Holding the proper pose for a plank in Pilates gets tough when a 2-month-old calico kitten named Blondi races under your arms.
Proper breath control easily dissolves into giggles when a pair of gray and white kittens called Angela and Pam race across a yoga studio floor.
This is Pilates with kittens at Breezeway Studios in Knoxville on a Sunday morning. Instructor Susie Kaplar gives her 18 students instructions in stretching, twisting, breathing – and animal contact.
“When a kitten plops on your stomach, you are going to stop and pet a kitten,” she says.
The hourlong session was the fifth in Young-Williams’ summer “Kitten Yoga” series. Held at different exercise studios, the classes teach yoga or Pilates while kittens run, prance, stalk and sit among the exercise mats.
This Pilates class is a combination of stretching your spine and petting a kitten or twisting your torso and cuddling a cat. The humans, including myself, paid $15 each to perform core-strengthening exercises among the free-roaming felines.
Young-Williams volunteer Azura Miller made two trips to the center to bring the agile, adoptable kittens to the studio. The 2- to 3-months-old cats were a silver tabby named Dexter, three nearly identical gray kittens called Pudge, Angela and Pam and the calico trio of Blondi, Yakko and Wakko.
Young-Williams began Kitten Yoga after Development Coordinator Sophie Nguyen heard about a similar class in Louisville, Ky. When the first class sold out quickly, more were added.
Planks, bridges, and kittens
For Sunday’s Pilates, we humans began stretched out on rubber mats on the studio floor, putting us at kitten level. Miller and Young-Williams volunteers Allison Murray and Grace Malone removed the kittens from plastic or cardboard carriers. They scattered ping pong balls and catnip-stuffed mice in the middle of the floor, instantly drawing the cats’ attention.
We humans raised our spines slowly into a Pilates bridge. The felines chased the ping pong balls and batted the toy mice, often more interested in each other and their toys than the humans moving around them.
We humans pushed up on their hands to perform planks. The cats jumped over our outstretched legs and dashed under our raised abdomens. As a row of women bicycled their legs in the air, tiny calico Blondi sat quietly to watch wide eyed.
Mandi Bergeron’s pink sneakers were a kitty magnet. As she exercised, Bergeron sometimes jangled one shoe’s laces in the air as Blondi and gray kitty Pudge took turns swatting at the swinging strings.
Miller, Murphy and Malone got their own cardio workouts as they repeatedly retrieved the kittens when the cats ran into a small back room of the studio.
Kittens ‘extra perk’
Most class participants were familiar with yoga or Pilates, and many were pet owners. “Kittens are the extra perk,” sad Maddie Holtzclaw.

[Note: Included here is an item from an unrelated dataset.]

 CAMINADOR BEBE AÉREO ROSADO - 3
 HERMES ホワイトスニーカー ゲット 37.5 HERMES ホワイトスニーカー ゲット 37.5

“I love animals and I like to exercise,” said South College student Allie Smith, who owns three dogs. “Put the two together and it’s irresistible.”
‘Kitten Yoga’ raises funds, awareness
Since the classes don’t include on-site adoptions, all the kittens returned at least temporarily to Young-Williams on Sunday. At least two class participants expressed interest in adopting kittens. Cats who participated in the past four sessions have been adopted but Nyugen didn’t know if yoga or Pilates participants adopted the animals.
The next Kitten Yoga sessions are 11:30 a.m. June 17, and Sunday, June 18 at Bullman’s Kickboxing & Krav Maga, 4589 Kingston Pike. Cost is $20. The series also includes two July sessions; those dates aren’t set.
Young-Williams has raised more than $1,000 from the classes, Nguyen said. The classes also raise awareness for the shelter. “They let people know about kitten season in general and that we need supplies and we need people to come and adopt,” she said.